▶ _THE TASK_:
Range to output from the entries below: the line containing "Let's make the" through the line containing "One-sided communications: These". Set it down exactly, ends included, nothing else.

DATA PROVIDED START

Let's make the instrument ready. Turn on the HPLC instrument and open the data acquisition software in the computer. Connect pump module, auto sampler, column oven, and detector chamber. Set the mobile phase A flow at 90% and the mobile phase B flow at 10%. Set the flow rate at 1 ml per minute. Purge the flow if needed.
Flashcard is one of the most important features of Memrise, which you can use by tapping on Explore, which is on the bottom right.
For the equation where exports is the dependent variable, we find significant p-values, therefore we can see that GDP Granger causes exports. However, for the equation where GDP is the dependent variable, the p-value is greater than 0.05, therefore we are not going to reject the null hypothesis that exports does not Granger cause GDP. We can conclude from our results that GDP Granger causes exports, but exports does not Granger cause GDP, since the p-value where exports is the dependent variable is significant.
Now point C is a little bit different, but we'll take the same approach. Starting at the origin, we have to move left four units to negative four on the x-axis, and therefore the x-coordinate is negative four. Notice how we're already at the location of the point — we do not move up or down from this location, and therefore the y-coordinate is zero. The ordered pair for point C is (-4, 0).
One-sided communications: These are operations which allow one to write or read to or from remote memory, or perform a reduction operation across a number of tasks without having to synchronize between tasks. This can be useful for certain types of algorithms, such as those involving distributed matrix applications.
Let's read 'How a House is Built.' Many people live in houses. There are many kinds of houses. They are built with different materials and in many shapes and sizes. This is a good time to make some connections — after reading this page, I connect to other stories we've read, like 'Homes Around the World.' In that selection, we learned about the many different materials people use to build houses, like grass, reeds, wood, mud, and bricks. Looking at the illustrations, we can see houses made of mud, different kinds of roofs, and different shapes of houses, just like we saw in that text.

DATA PROVIDED END
DATA PROVIDED START

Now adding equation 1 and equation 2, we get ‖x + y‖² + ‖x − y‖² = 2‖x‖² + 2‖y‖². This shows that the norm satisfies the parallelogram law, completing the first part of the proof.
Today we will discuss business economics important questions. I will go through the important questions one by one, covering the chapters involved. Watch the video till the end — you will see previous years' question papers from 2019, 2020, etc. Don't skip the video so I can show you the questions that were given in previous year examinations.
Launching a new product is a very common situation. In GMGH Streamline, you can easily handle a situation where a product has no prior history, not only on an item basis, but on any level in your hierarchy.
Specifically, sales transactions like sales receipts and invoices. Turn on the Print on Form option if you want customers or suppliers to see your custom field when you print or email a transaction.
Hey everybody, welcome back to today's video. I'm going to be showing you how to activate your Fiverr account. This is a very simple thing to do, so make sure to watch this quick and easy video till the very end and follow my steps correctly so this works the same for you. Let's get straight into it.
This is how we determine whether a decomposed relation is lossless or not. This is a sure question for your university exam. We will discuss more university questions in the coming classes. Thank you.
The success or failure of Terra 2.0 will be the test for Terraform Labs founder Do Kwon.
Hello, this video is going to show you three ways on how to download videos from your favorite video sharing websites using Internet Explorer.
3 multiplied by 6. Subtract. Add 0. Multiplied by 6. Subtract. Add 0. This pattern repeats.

DATA PROVIDED END

▶ _SOLVED EXERCISE_:
Let's make the instrument ready. Turn on the HPLC instrument and open the data acquisition software in the computer. Connect pump module, auto sampler, column oven, and detector chamber. Set the mobile phase A flow at 90% and the mobile phase B flow at 10%. Set the flow rate at 1 ml per minute. Purge the flow if needed.
Flashcard is one of the most important features of Memrise, which you can use by tapping on Explore, which is on the bottom right.
For the equation where exports is the dependent variable, we find significant p-values, therefore we can see that GDP Granger causes exports. However, for the equation where GDP is the dependent variable, the p-value is greater than 0.05, therefore we are not going to reject the null hypothesis that exports does not Granger cause GDP. We can conclude from our results that GDP Granger causes exports, but exports does not Granger cause GDP, since the p-value where exports is the dependent variable is significant.
Now point C is a little bit different, but we'll take the same approach. Starting at the origin, we have to move left four units to negative four on the x-axis, and therefore the x-coordinate is negative four. Notice how we're already at the location of the point — we do not move up or down from this location, and therefore the y-coordinate is zero. The ordered pair for point C is (-4, 0).
One-sided communications: These are operations which allow one to write or read to or from remote memory, or perform a reduction operation across a number of tasks without having to synchronize between tasks. This can be useful for certain types of algorithms, such as those involving distributed matrix applications.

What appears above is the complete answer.